さらに、一定時間内に操作がされなかった場合には車外スピーカーからも警報が鳴り、周囲に「車内に誰か残っているかもしれない」と知らせます。特に保育園や幼稚園の送迎バスなど、乗車人数が多い場面ではとても有効です。
自動検知式
「自動検知式」は、車内に取り付けたセンサーが、人の動きや振動・温度の変化を感知するタイプです。子どもが残っている可能性があると判断したときに、アラームを鳴らしたりスマートフォンに通知を送ってくれるので、うっかり見落としを防ぐのにぴったりです。
「降車時確認式」よりも安価で、保護者が気づきやすい機能なので、自家用車にはこちらを選ぶとよいでしょう。
【自家用車用】置き去り防止装置の費用目安
「安全装置を設置したいけど、高額なんじゃないの...?」と思う方も多いかもしれません。ここでは、自家用車向け置き去り防止装置の費用目安を紹介します。
本体費用
置き去り防止装置の本体価格は、機能によって異なりますが、目安としては5万円前後です。今のところAmazonや楽天市場では自家用車向け製品があまり出回っていないため、「子ども家庭庁」の安全装置リストから探すとスムーズです。
「装置の方式」欄に「自動検知式」や「併用式」と書かれていれば、自家用車に取り付けられる可能性が高いので、詳細ページをチェックしてみましょう。たとえば、加藤電機の「BEE737-C」は軽自動車からミニバンまで幅広い車種に対応しています。
設置費用
業者に取り付けをお願いする場合は、本体とは別に3〜4万円ほどかかります。電源の接続やセンサーの設置位置など少し複雑な作業があるため、プロに任せたほうが安心です。

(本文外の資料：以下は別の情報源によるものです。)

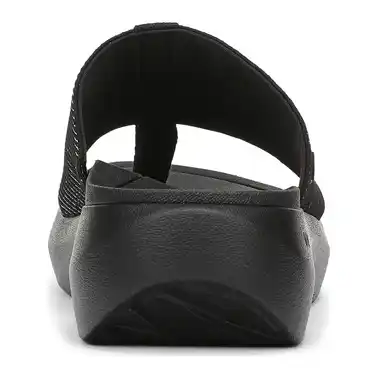 Image 6 of Vionic Aqua Women's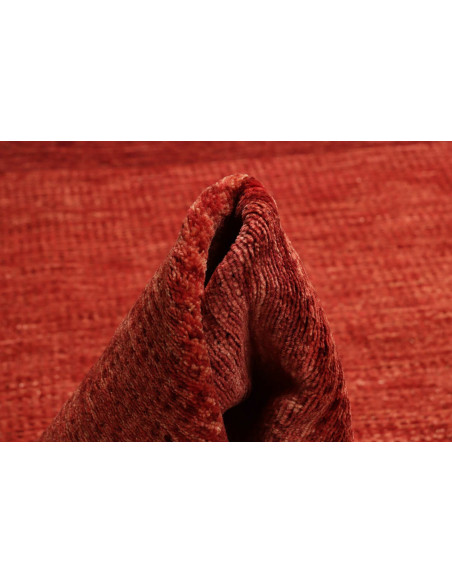 Tappeto Shayan Pakistan cm.171x241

ダッシュボードやシートに置くだけで使えるタイプなら設置費用は不要です。ただし、機能がシンプルだったり内蔵電池で動くものだったりするので、購入前に仕様をしっかり確認しておきましょう。

まとめ
送迎バスには安全装置の設置が義務化され、今後は子どもの置き去り事故も減っていくと考えられます。でも、自家用車でも同じような事故が起きていることを忘れてはいけません。「貴重品を子どもの隣に置く」「降りるときに声をかけ合う」など、日ごろのちょっとした習慣が大切です。
さらに安心を求めるなら、置き去り防止装置もおすすめです。多少の費用はかかりますが、我が子の命を守るためと思えば、決して高くはないはず。この記事を参考に、ぜひ検討してみてください。